You’ve had your mortgage for a few years and just heard about “refinancing your mortgage,” or maybe you’ve been in your current home for over a decade and are now exploring your future payment options. Either way, refinancing your mortgage can be a great option to boost long-term financial well-being.
What does it mean to refinance your mortgage?
Refinancing a mortgage means taking out a new mortgage to replace your original loan. I often suggest that my clients look at refinancing after they’ve had their mortgage for two to three years, then again on an annual basis. This is a great strategy because more often than not, it makes sense for people to refinance, but many would not know it without chatting with their mortgage lender.
Why would someone refinance a mortgage?
There are two common reasons someone will look into refinancing a mortgage: to shorten the length of time left on the mortgage and to get a better interest rate. Any reason for refinancing should be centered on your future goals, such as saving your children’s education or retiring early. Let’s break down each reason to refinance and explain how each could help you achieve your long-term goals.
1. Saving money
Refinancing can be a great way to reduce the length of your loan entirely. Many times it makes more sense to take on a shorter term because it will save you money in the long-term. For example, five fewer years of making payments on your mortgage loans would mean significant savings on monthly interest and principal payments. This could also mean you have option to retire early or can start saving for the next big adventure now.

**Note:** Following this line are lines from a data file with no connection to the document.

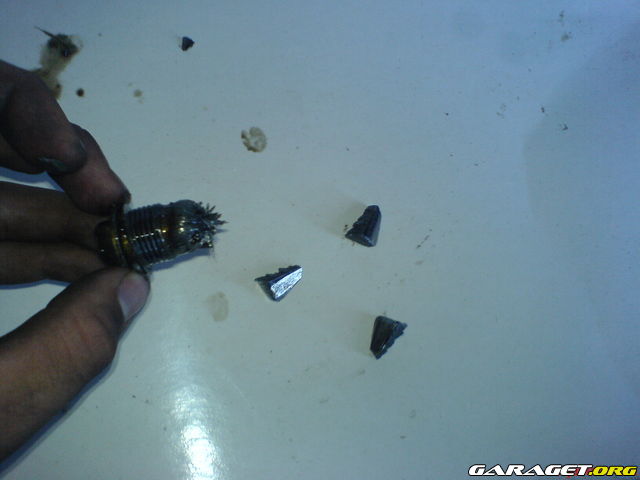 http://www1.garaget.org/gallery/archive/68067/414622_29jm8s.jpg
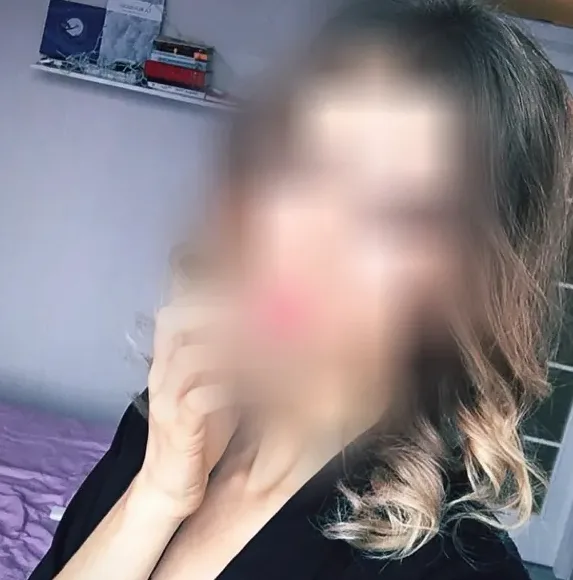 Marina, 32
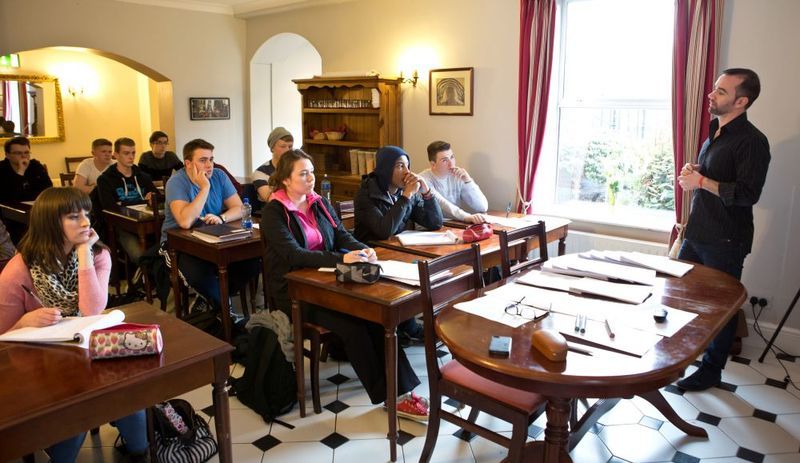 דבלין Charleville Lodge Hotel מראה חיצוני תמונה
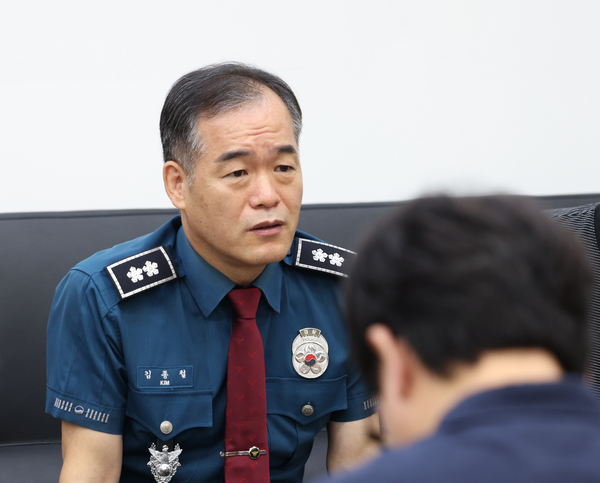 김종철 <b>경찰청장</b> 직무대리 "국민 불신 임계점, 경찰 업무 전반 재설계 ...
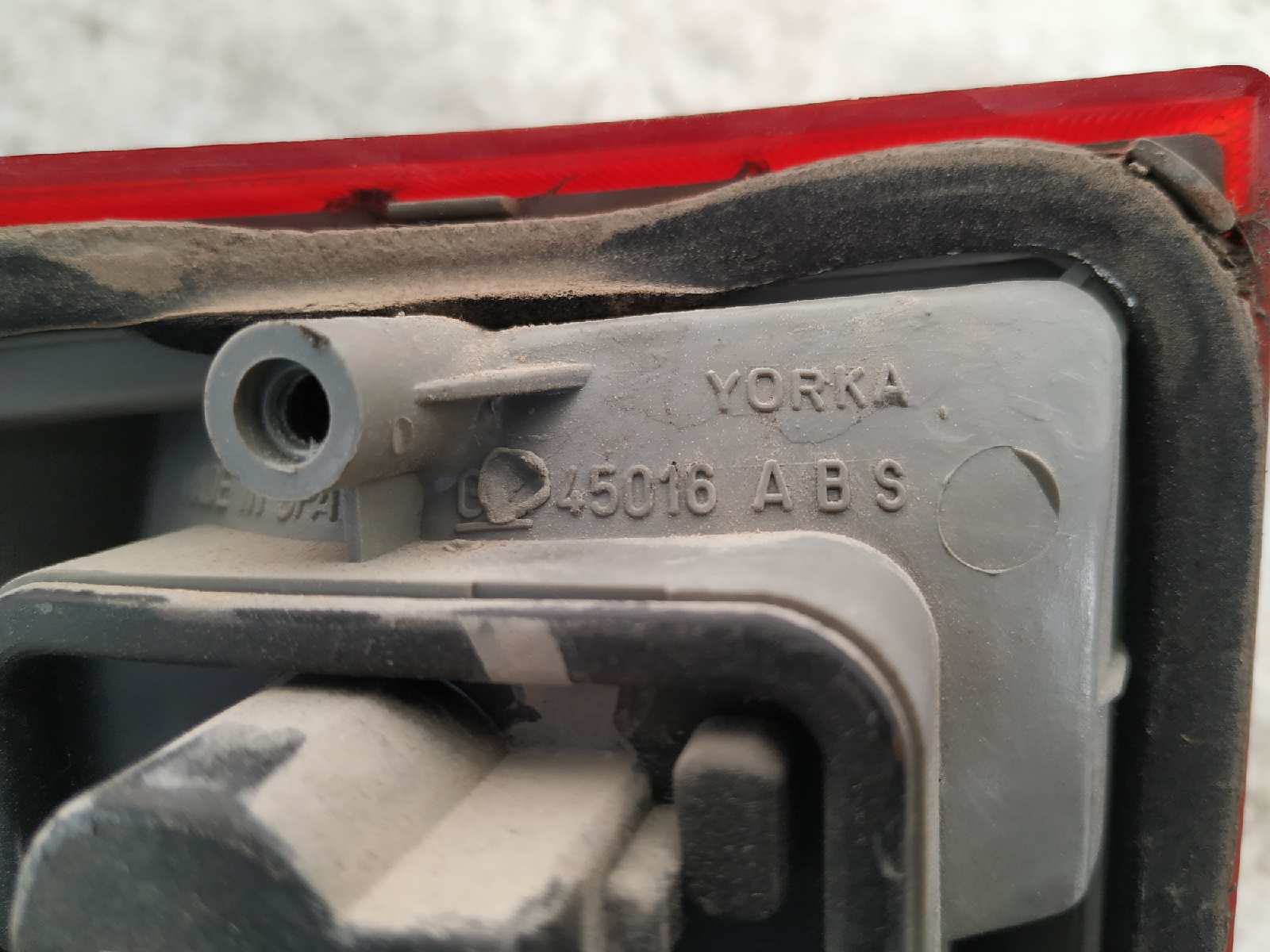 PILOTO TRASERO DERECHO OPEL ASTRA F BERLINA - vista 4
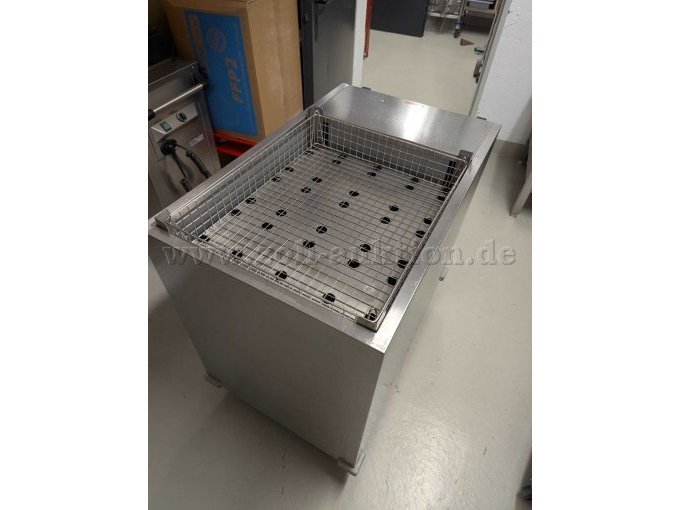 Meiko Tellerwärmer Rückansicht, ohne Deckel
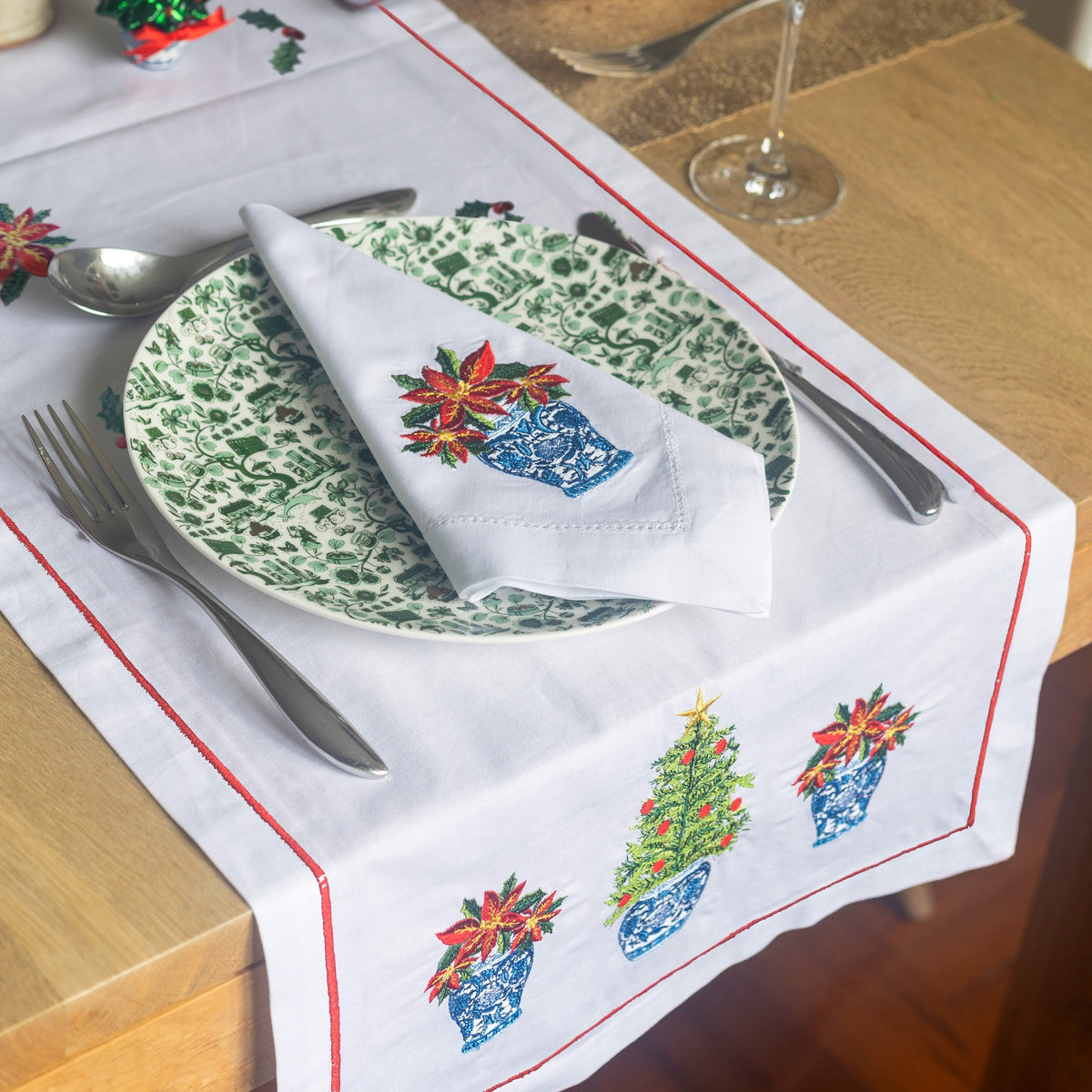 TABLE RUNNER & 4 NAPKIN SET: Festive Chinoiserie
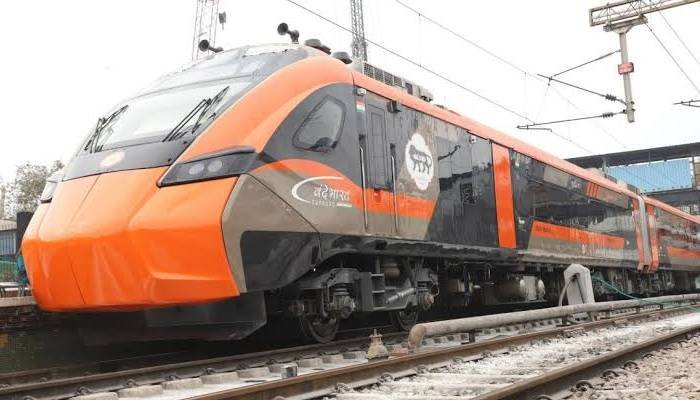 વંદે ભારત એક્સપ્રેસ હવે જમ્મુ-શ્રીનગર વચ્ચે દોડશે, 5 કલાકથી ઓછા સમયમાં પૂર્ણ કરશે અંતર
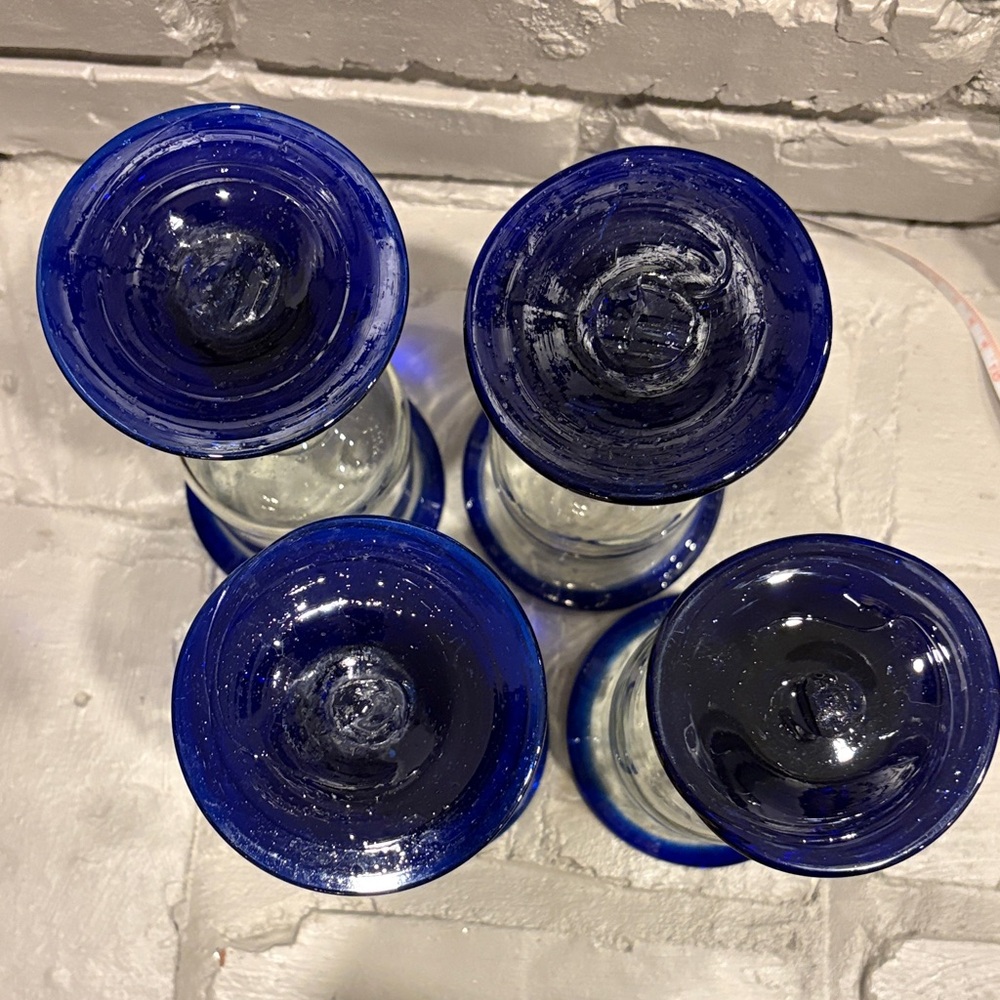 Set of 4 Hand Blown Blue Rimmed Wine/Water/Iced Tea Goblets Made in Mexico - Picture 3 of 7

2. Finding a better interest rate
For families or individuals looking to get a better interest rate on their mortgage and reduce monthly payments, refinancing is a great option. This will put more money in your pocket now to help you stay on top of your financial needs like taking care of your family and all of the child-related expenses or you’re taking a new step as a business owner. In the end, it’s still important to take into account how much interest you’ve already put toward your initial loan and how much you would then need to pay with the refinance. Loans are generally front-loaded with interest, meaning the longer you pay, the more each of your payments goes toward reducing the principal balance. You’ll want to ask your lender about the options for lowering your interest rate and whether the term will also decrease, remain the same, or increase.
Whatever your motivations for refinancing your mortgage, always consider your long-term goals and remember to contact your mortgage lender regularly to keep your refinance options top of mind.